Output exactly the lines from the one with "Busteni Romanya 'nın" to the close of the records below, first and last included.
[[ Record excerpts, beginning ]]
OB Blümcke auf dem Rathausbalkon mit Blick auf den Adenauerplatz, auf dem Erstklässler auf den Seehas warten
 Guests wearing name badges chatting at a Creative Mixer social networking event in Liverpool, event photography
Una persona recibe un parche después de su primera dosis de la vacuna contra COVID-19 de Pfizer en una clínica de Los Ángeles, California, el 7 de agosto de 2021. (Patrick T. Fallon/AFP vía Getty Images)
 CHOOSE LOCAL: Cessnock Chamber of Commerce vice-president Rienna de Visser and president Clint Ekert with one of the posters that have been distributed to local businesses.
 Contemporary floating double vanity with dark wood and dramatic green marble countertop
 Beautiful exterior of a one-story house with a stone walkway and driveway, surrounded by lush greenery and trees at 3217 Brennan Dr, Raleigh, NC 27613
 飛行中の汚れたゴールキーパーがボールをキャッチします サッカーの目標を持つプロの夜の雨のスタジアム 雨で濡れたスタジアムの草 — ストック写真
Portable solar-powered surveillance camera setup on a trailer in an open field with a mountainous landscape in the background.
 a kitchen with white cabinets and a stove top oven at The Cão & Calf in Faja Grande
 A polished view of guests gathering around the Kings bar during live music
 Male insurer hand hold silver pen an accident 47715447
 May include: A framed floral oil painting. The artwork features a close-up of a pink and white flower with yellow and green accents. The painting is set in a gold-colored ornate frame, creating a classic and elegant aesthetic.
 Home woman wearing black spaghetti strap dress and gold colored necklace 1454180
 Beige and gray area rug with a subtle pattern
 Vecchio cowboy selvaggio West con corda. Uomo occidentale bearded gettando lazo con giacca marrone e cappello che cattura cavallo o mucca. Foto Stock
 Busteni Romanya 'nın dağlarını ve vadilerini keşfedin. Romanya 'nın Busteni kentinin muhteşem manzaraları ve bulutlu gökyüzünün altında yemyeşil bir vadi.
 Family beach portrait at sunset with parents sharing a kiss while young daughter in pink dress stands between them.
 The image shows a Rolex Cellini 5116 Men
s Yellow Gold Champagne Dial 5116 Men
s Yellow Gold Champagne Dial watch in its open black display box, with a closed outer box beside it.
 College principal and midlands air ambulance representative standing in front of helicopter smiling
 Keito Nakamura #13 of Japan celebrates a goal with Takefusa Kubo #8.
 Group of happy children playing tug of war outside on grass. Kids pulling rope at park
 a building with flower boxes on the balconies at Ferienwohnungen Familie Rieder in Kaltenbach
[[ Record excerpts, end ]]
**Output for this exercise**
 Busteni Romanya 'nın dağlarını ve vadilerini keşfedin. Romanya 'nın Busteni kentinin muhteşem manzaraları ve bulutlu gökyüzünün altında yemyeşil bir vadi.
 Family beach portrait at sunset with parents sharing a kiss while young daughter in pink dress stands between them.
 The image shows a Rolex Cellini 5116 Men
s Yellow Gold Champagne Dial 5116 Men
s Yellow Gold Champagne Dial watch in its open black display box, with a closed outer box beside it.
 College principal and midlands air ambulance representative standing in front of helicopter smiling
 Keito Nakamura #13 of Japan celebrates a goal with Takefusa Kubo #8.
 Group of happy children playing tug of war outside on grass. Kids pulling rope at park
 a building with flower boxes on the balconies at Ferienwohnungen Familie Rieder in Kaltenbach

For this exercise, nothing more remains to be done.